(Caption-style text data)
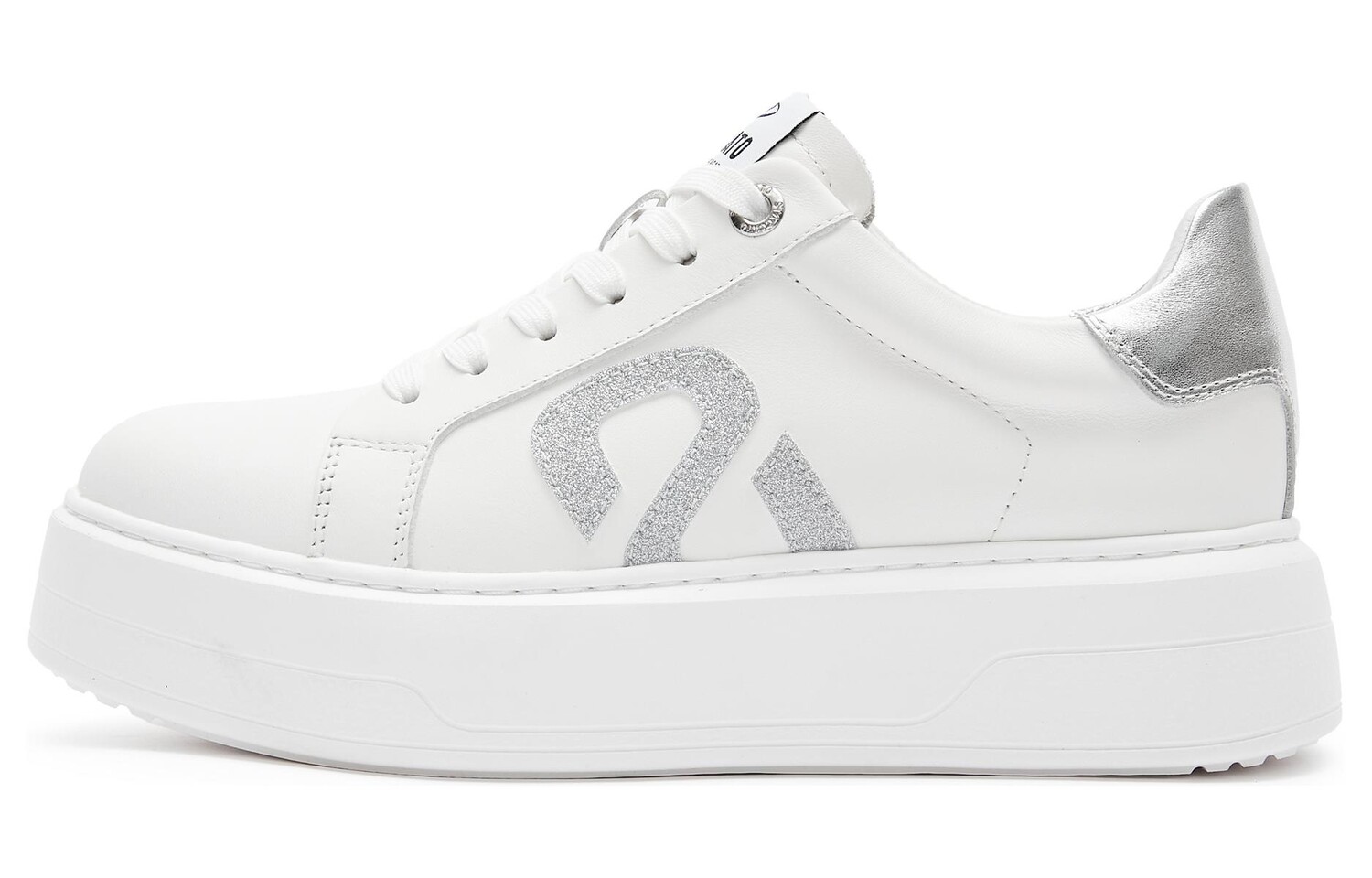 Кеды, скейтборд обувь женская низкая освежающий белый Staccato
Кеды, скейтборд обувь женская низкая освежающий белый Staccato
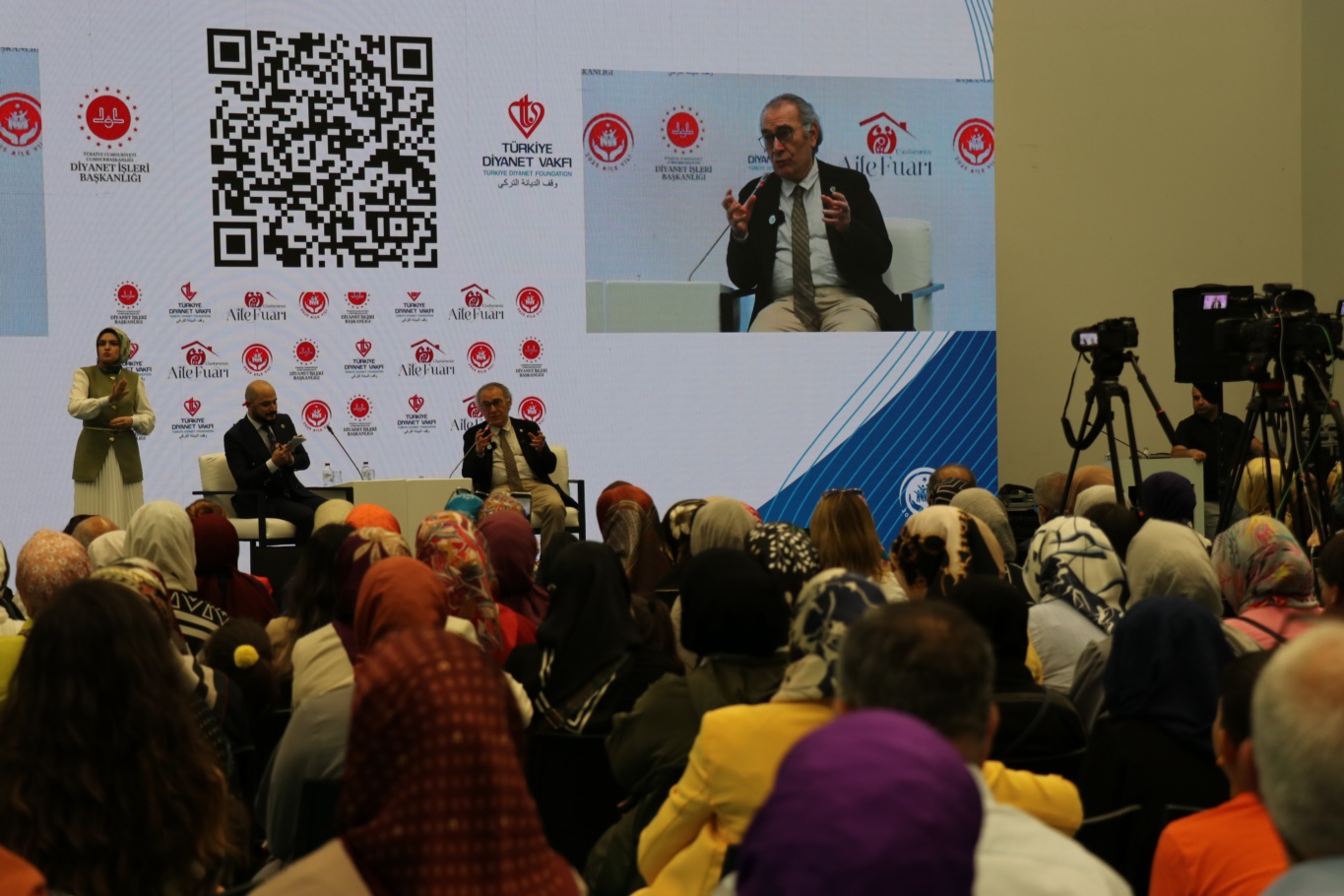 Prof. Dr. Nevzat Tarhan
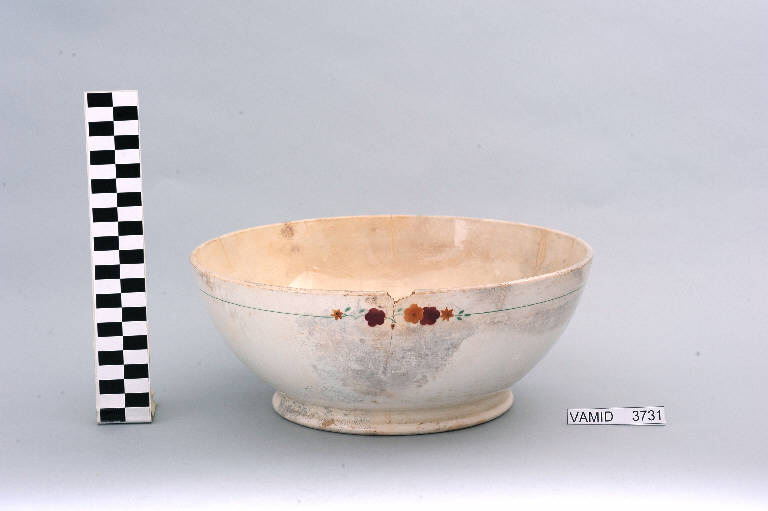 Motivi decorativi floreali (insalatiera) di Società Ceramica Italiana Laveno (prima metà sec. XX)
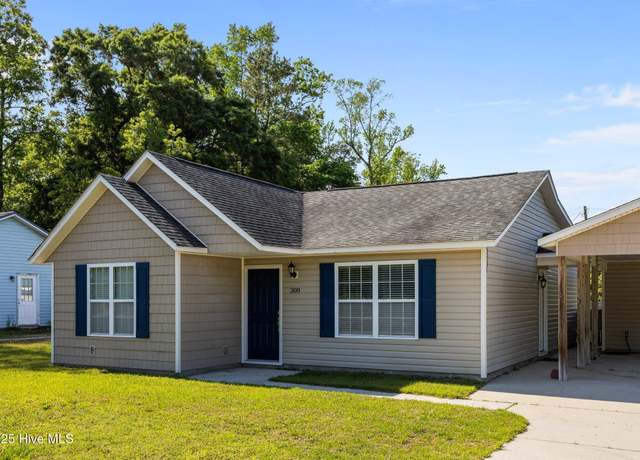 Property at 308 E Ashe St, Burgaw, NC 28425, 2 beds, 2 baths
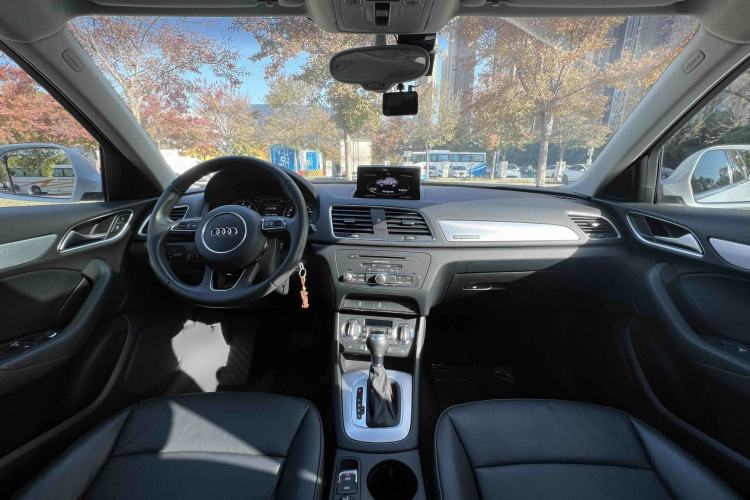 Used Audi Q3 2012 35 TFSI quattro Comfort Model Interior 1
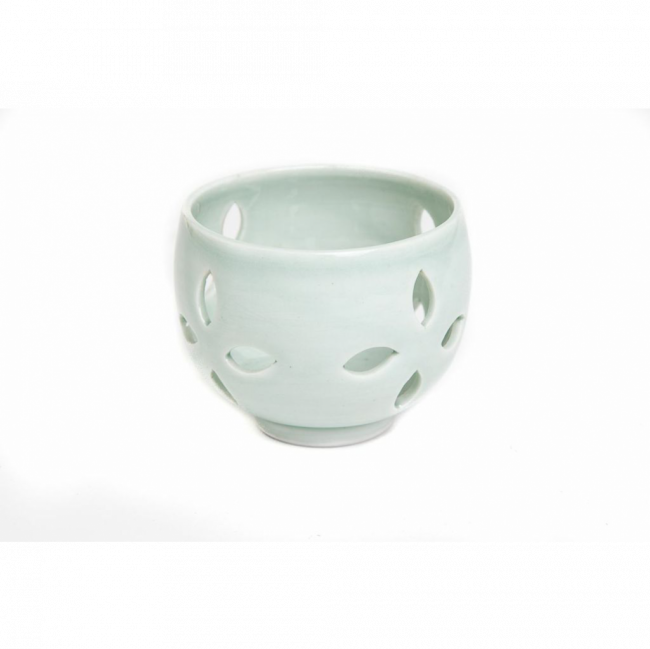 LINHA VERDE CELADON MINI PORTA VELA PÉTALA VAZADA CERÂMICA (D 7 CM | A 6 CM)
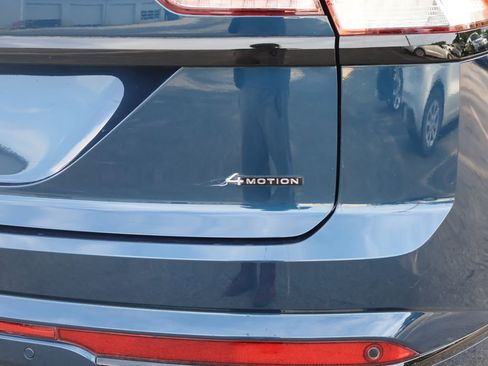 Used 2023 Volkswagen Atlas Cross Sport SEL AWD/4WD image 9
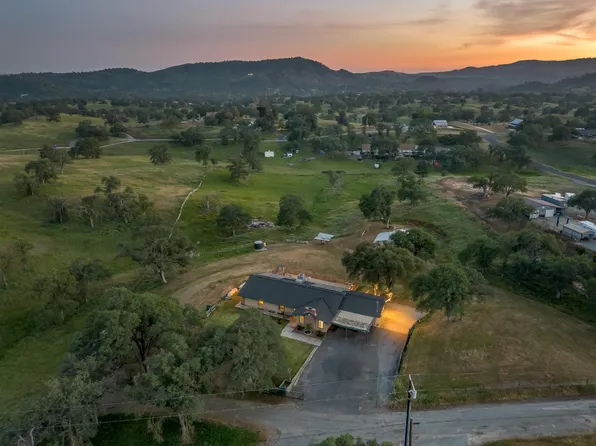 22452 Goldrush Ln, Clovis, CA 93619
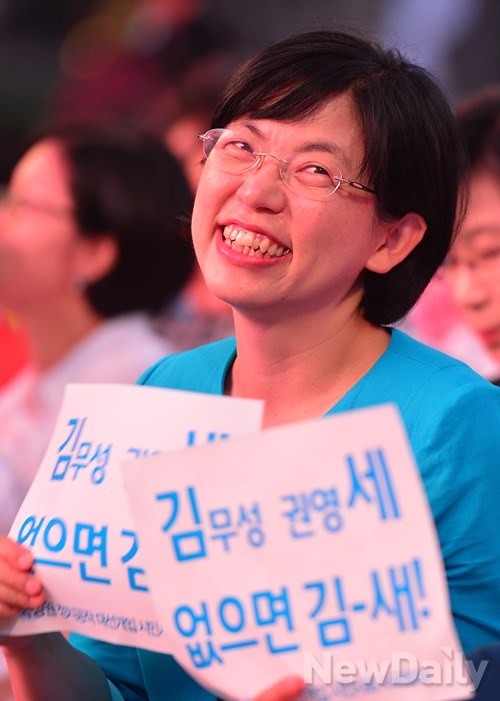 ▲ 10일 서울광장에서 열린 대선불복 떼촛불 집회에 참석한 통합진보당 이정희 대표가 선동을 벌이며 기뻐하는 모습. ⓒ정상윤 기자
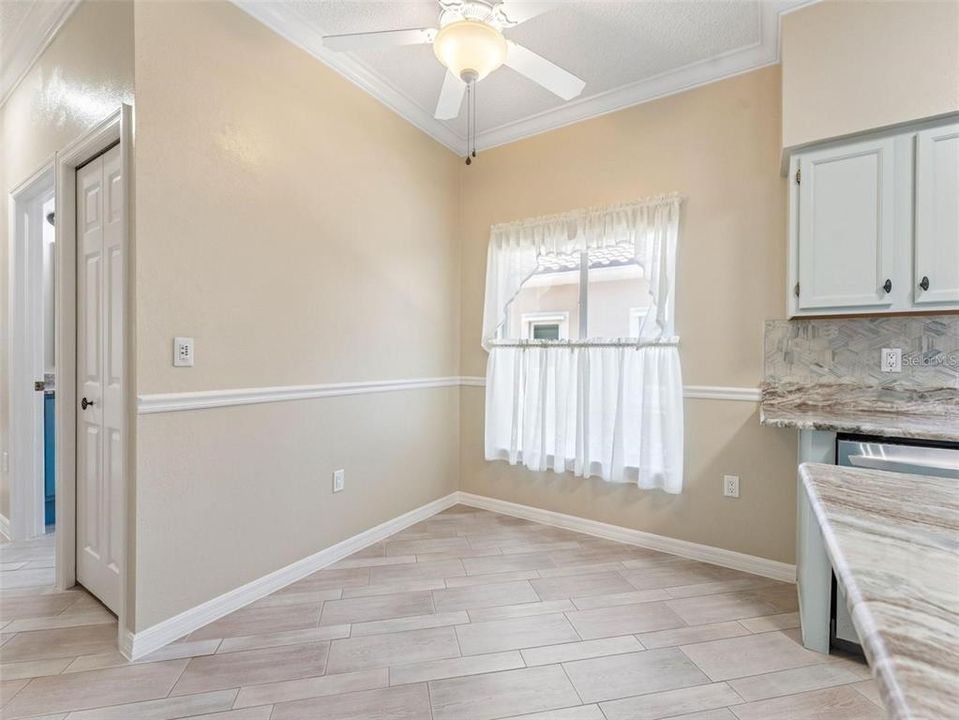 For Sale: $415,000 (3 beds, 2 baths, 1563 Square Feet)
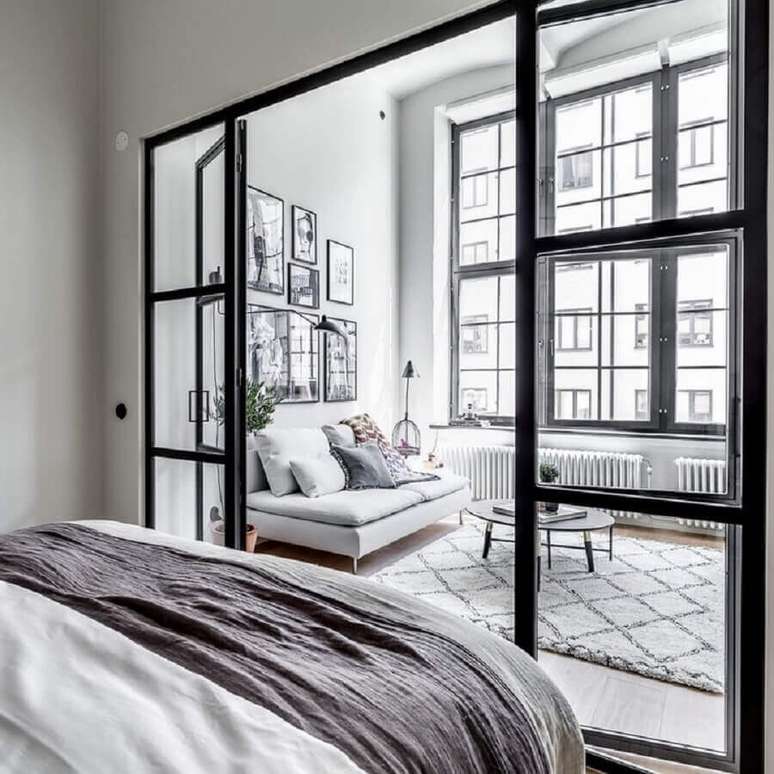 5. A porta francesa de alumínio é ideal para decorar ambientes modernos – Foto: Pinterest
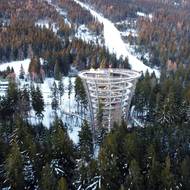 Pohled na věž z dronu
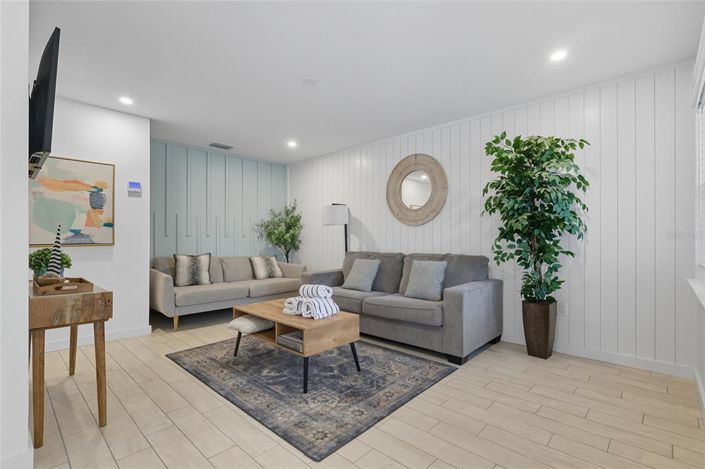 Image No.20-2 Bed Property for sale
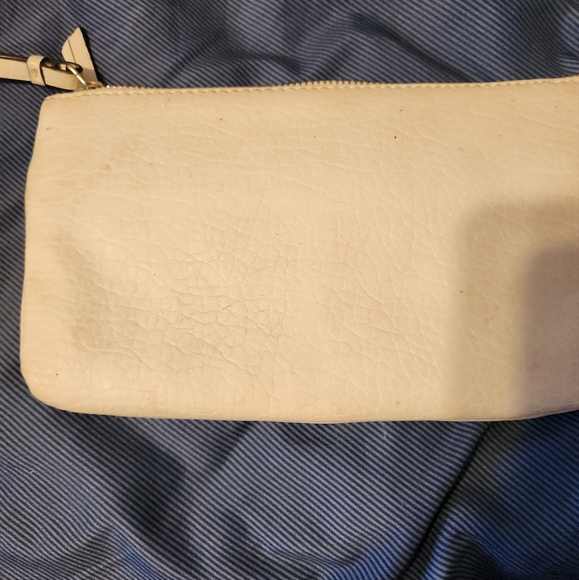 Whislet - Picture 2 of 6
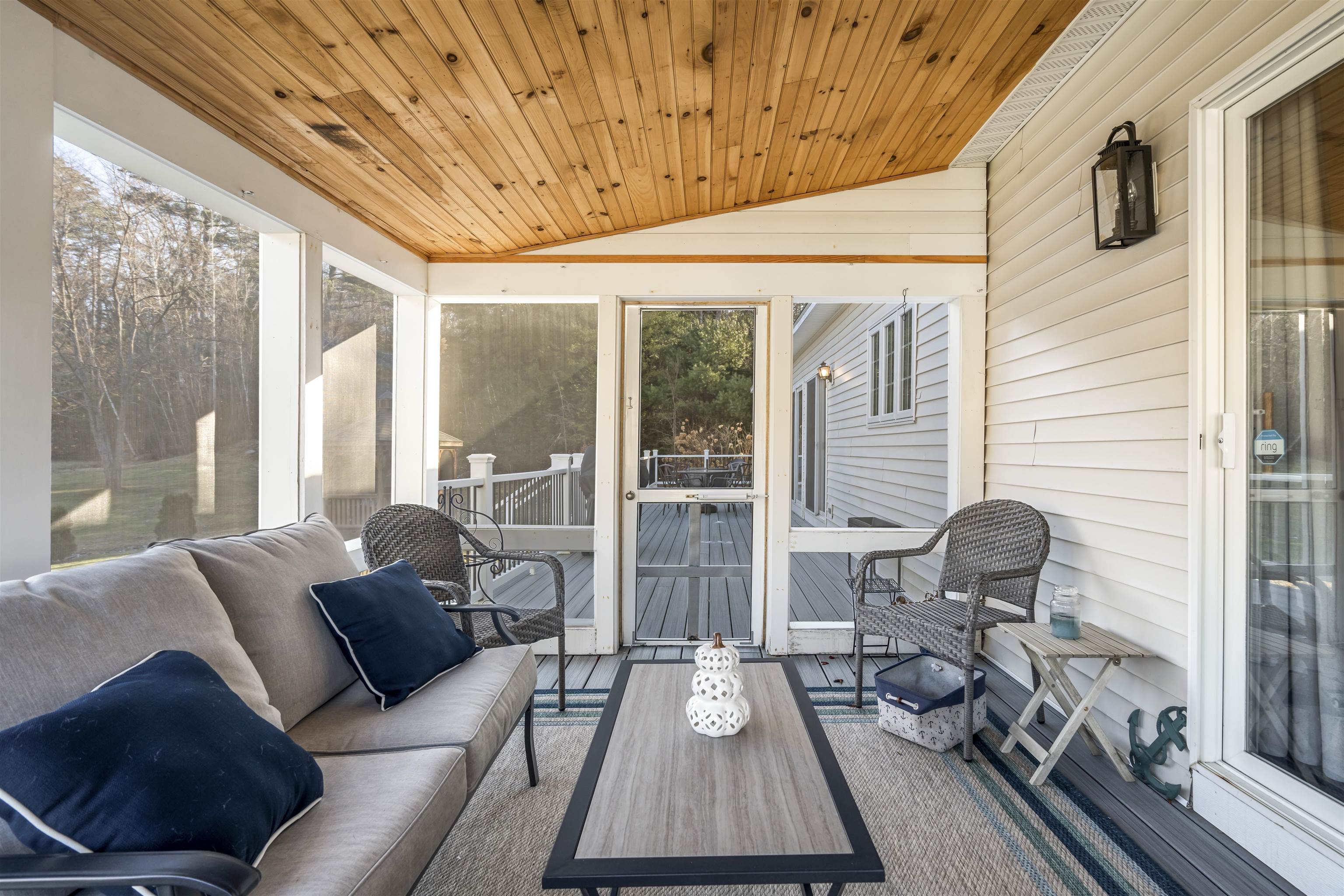 4 Acorn Place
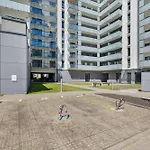 Dazzling In With Parking, 3 Bedrooms And 2 Bathrooms By Renters Prestige アパート シュチェチン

Problem details.
Copy the lines starting at the line that contains "Image No.20-2 Bed Property for sale" and running to the final line of the entries, inclusive; omit all pictures.

Final answer.
 Image No.20-2 Bed Property for sale
 Whislet - Picture 2 of 6
 4 Acorn Place
 Dazzling In With Parking, 3 Bedrooms And 2 Bathrooms By Renters Prestige アパート シュチェチン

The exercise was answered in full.